There have been a couple of very impressive results in friendlies – winning at Italy and at Mexico. But otherwise it’s been a roller-coaster ride no more impressive than U.S. coaches of the last two decades, all of whom celebrated big upsets. And we have not seen a more impressive playing style from Klinsmann’s team.

The lowlight of the Klinsmann era came in May when after a 4-1 loss to Brazil he complained that his players were too reluctant to “hurt people” and should get “nastier.” A statement hard not to recall after the USA lost for the first time ever to Jamaica because, in the words of his own goalkeeper, it “gave away too many fouls in really dangerous areas.”

Among the highlights -- besides the wins over Mexico and Italy -- was the first half against Jamaica four days later when the USA played superb, fluid, possession soccer. Klinsmann, I’ve never doubted, is someone capable of learning from his mistakes. Indeed, what his celebrity disguises is that he’s learning on the job.

His coaching credentials before landing the $2.5 million contract -- plus bonuses -- to coach the USA consisted of guiding Germany to third place in a World Cup on home soil in 2006 and lasting less than a season at Bayern Munich. What he did with Germany -- a World Cup runner-up in 2002 -- barely relates to the challenge of coaching the USA. The reality is that the USA hired a man not with a long track record of coaching success – but one who appeared to have the potential for great success. Nothing wrong with that. Especially when considering his illustrious playing career and that while living in the USA for a decade, he had gotten a good grasp on the American soccer landscape and its challenges.

But the great expectations that Klinsmann would deliver something new, improved and exciting have fizzled.

Perhaps there just hasn’t been a rise in American talent. The current player pool does look weaker than when Bruce Arena’s team reached the quarterfinals of the 2002 World Cup.

Four games into World Cup qualifying and after a year in charge, the most remarkable impact Klinsmann has had on the national team is relying on German products of American heritage. One hopes that by Brazil 2014 there will be more than that to say about Klinsmann’s influence.

38 comments about "The Klinsmann Reality Check".
  1. Brad Ackles, September 13, 2012 at 3:57 p.m.

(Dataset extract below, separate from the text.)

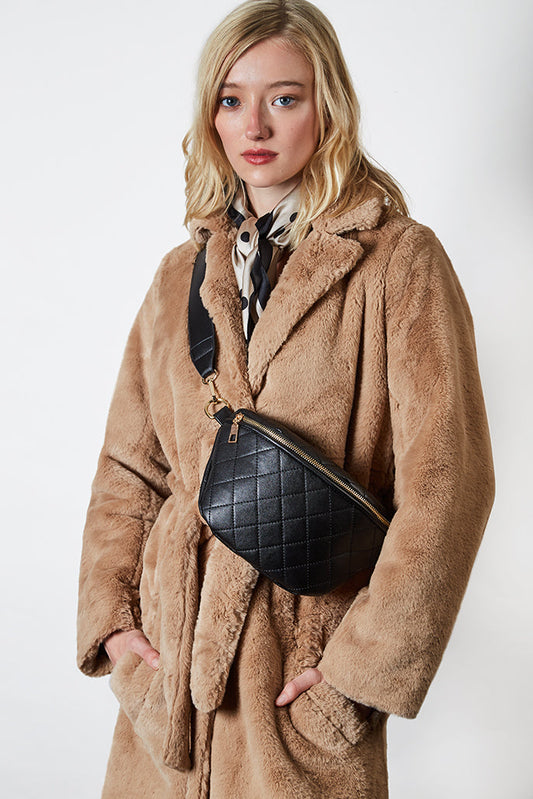 Dekar Cross Body Bag - Black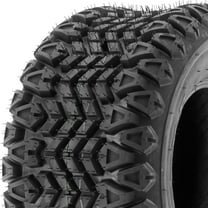 SunF Golf-Cart Lawn Mower Turf Tire 22x11-10 22x11x10 4 PR Tubeless G003 (Single)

    If anyone thought Klinsmann was going to come in and make changes that would put us on the World Stage of soccer, and it appears that this writer is one of those, than maybe a bit of criticism is in store for those that expected this. As long as we have players that you never know what you will get out of them are playing, we will be a team that struggles when they shouldn't. Our system continues to be flawed and we are still in a transitional period at some positions. So, the proclamation that Klinsmann not being able to deliver something new, improved and exciting is being a bit naive when it comes to the game of football.

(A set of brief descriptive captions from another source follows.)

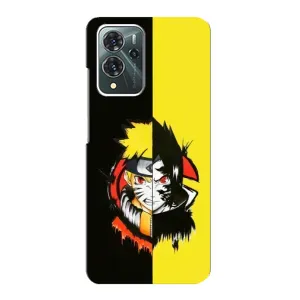 Naruto Anime Чохли для ЗТЕ Блейд В40 Про (AlphaPrint) (Наруто-Ітачі)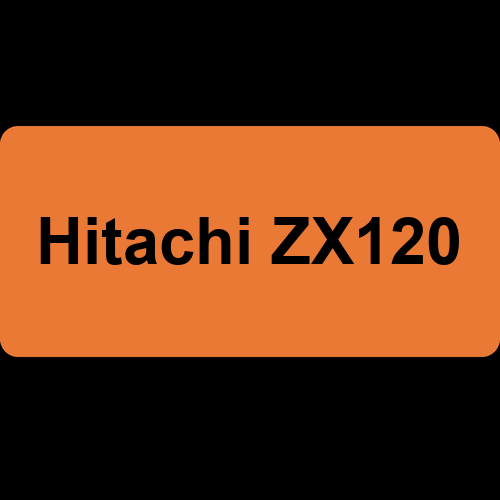 Hitachi ZX120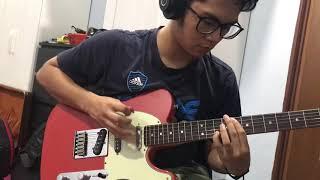 Red Hot Chili Peppers - Scar Tissue (Guitar, Bass & Vocal Cover)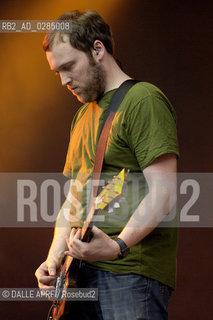 Mogwai..Concert du 24.08.07 à Rock En Seine (Paris, France)..Copiright Magali Boyer.- DALLE ©DALLE APRF/Rosebud2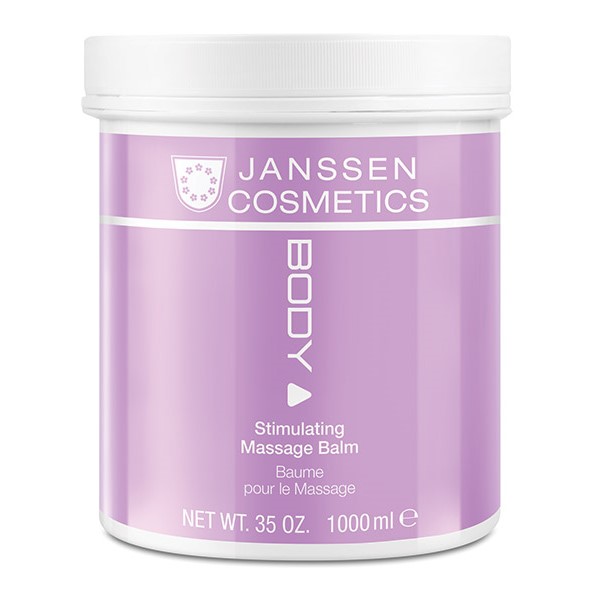 janssen stimulating massage balm Стимулирующий бальзам для массажа 1000 мл JANSSEN Stimulating Massage Balm Стимулирующий бальзам для массажа 1000 мл — изображение 1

  2. Mark Hodson, September 13, 2012 at 3:59 p.m.

    What did you expect in 18 months.....It's hardly like the talent pool has improved and he's suddenly been presented with World Class Players who could be expected to consistently perform on the World Stage? What Klinsmann is hoping to do will take years maybe even a decade...let's face his limited on-field time with the players, it's not like he's greatly expecting to develop the current crop beyond their existing level of capability at this stage in their careers....Isn't that their club team's daily responsibility?....Maybe the real issue is players like Donovan taking the easy road in their careers to maintain big fish status and staying with teams that don't challenge them or give them the ability to perform at the highest level week in and week out, thus neglecting our younger players from the opportunity of seeing a top level player in his prime, train and play first hand? Maybe it's the path that our best young players are presented with in having to choose between a low paying "potential" soccer career or a place at a nationally ranked college that has a higher probability of long term fruition......Whatever it is it's not Klinsmann's inability to see the bigger picture and deliver the best he can with the resources he has....Mourinho would do no better with this squad!

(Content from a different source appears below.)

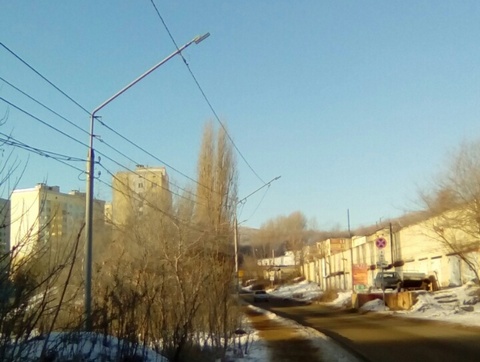 На улице Лесная Республика установили 14 новых светильников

  3. Alex Stroessner, September 13, 2012 at 4:02 p.m.

    Go away or leave the "what have you done for me lately" attitude at the door. This isn't a sprint to next years WC. This is going to take time and this is known.

  4. Lloyd Elling, September 13, 2012 at 4:03 p.m.

    The player pool is the barrier. Our youth development programs still negate creative/technical play....US Soccer let Coach Cabrera go and he was our only creative/technical player coach with the U-17 academy. Our youth players do not play freely on their own time nor do they mix with youth and adults in free play. College and high school soccer is not supportive at all with creative play.

    Our future is limited till understand and allow the enviroment the world's great players learned how to play the beautiful game.

  5. Scott Ludwig, September 13, 2012 at 4:05 p.m.

    I agree with you Mike up to a point. Given what he has to work with, domestic players who've been raised through the four-year college system vs. professional clubs, he hasn't much to choose from. No surprise 10 out of 11 starting players vs. Jamaica are playing for foreign clubs where superior training and competition exist. Klinsmann has done one other thing you didn't give him credit for. Open up more opportunities for Latino players. Seeing Torres and Gomez getting substantial time is an improvement. Regardless of the head coach, with the absence of Bradley and Donovan, it's evident there is a serious lack of depth in the player pool. We'll be lucky to qualify for WC'14.

  6. James Hardern, September 13, 2012 at 4:13 p.m.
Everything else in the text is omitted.